This does two things: first, it prevents the issue you have, where you're essentially not sure if you're correctly scoring the samples produced. Secondly, it really requires you to constrain the problem to things that someone who has barely used language X or Y can do within 45 minutes.


The theory with pick your own language is they should be able to feel fully comfortable (interviews are already stressful enough). If they picked Rust, Scala, or a lisp dialect, (or anything the interviewers are unfamiliar with), it can even be a better interview because we get more insight on how the candidate communicates and their ability to walk someone else through their solution. A potential other bonus is less biases leak through from an interviewer on "that is a strange way to do that in language X."


> The theory with pick your own language is they should be able to feel fully comfortable (interviews are already stressful enough).

Ah, but there's the rub. Candidates are trying to please the interview panel. If you don't provide guidance, the odds that they'll just use whatever they think the interviewers most prefer are just as good, if not better, than the odds that they'll actually use whatever makes them most comfortable.

You said yourself that since some candidates pick a language that you don't know well, you can't really tell if the failure of a large number of those candidates is reflective of a bad test or just a mismatched candidate pool.

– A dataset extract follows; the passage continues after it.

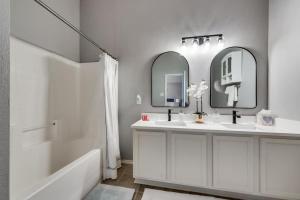 3BD Home Garage HWY 360 Grand Prairie GP020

IMO, if you're going to stick to the "pick any language" thing, you should at least find out and ensure that any language the candidate picks will have a fair shot.

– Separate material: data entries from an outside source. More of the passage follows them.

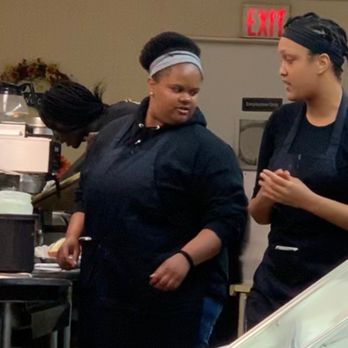 Mayberry - Employees too busy talking to help take our orders and not wearing gloves preparing food. - Ice Cream & Frozen Yogurt Near Me - Greensboro, North Carolina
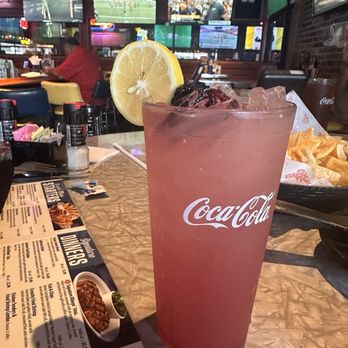 Bubba's 33 - Strawberry lemonade - American Near Me - Waco, Texas
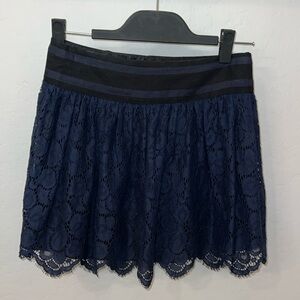 Milly skirt. Size 2.  Great condition.  None smoking home.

> it can even be a better interview because we get more insight on how the candidate communicates and their ability to walk someone else through their solution.

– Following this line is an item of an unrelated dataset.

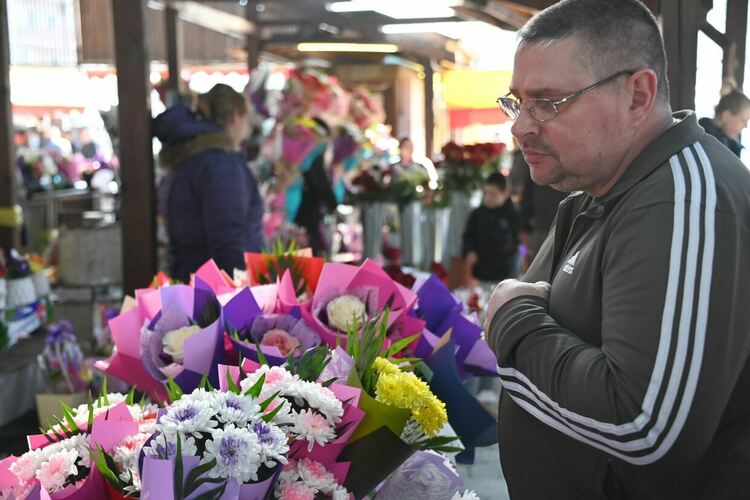 Честит празник, мили дами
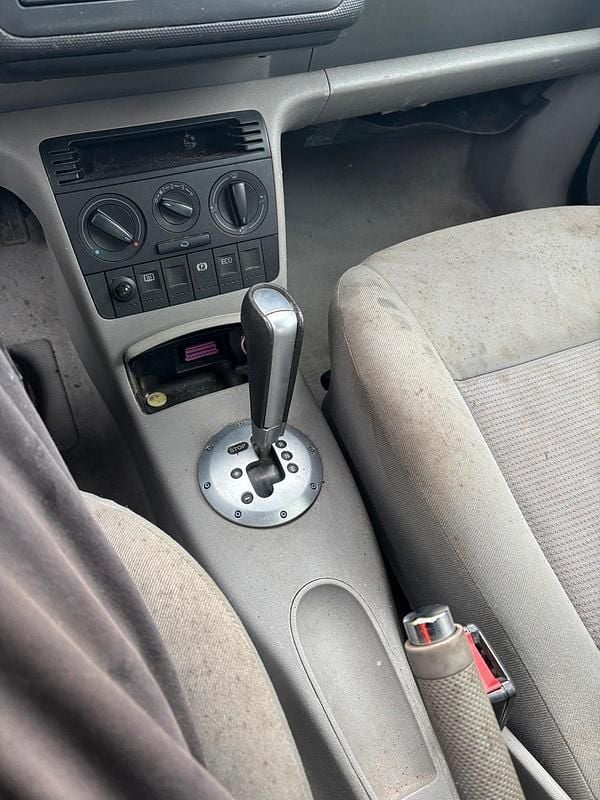 Gebraucht VW Lupo 61 PS (44 kW) 1999 Schwarz Kleinwagen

You can still get the candidate to communicate and explain his choices if you give an option: "either Ruby or Python" or "either JavaScript or Visual Basic", etc. The problem with having this happen in a language that the interviewers don't know reasonably well is that they are much more vulnerable to the smooth talker who can present incorrect information confidently, and they won't have enough background/anchoring in the subject matter to know the difference.

> A potential other bonus is less biases leak through from an interviewer on "that is a strange way to do that in language X."

I would say that if you're worried that interviewers will load in biases toward their preferred shortcuts etc in a specific language, that you should be equally worried that some good candidates are being excluded for choosing the "wrong" language in an any-language-goes test.

Above, you mentioned that there'd be a positive response if a candidate used "Rust, Scala, or a lisp dialect" -- these are all relatively trendy. What if the candidate used nim, Pony, or some other language that hasn't pulled in to the hype superstation yet? What if the candidate used a language that's not-so-trendy anymore, like Visual Basic, Cobol, or bash? What if the candidate used a programming language of their own design, and brought a copy of the compiler with them on a flash drive?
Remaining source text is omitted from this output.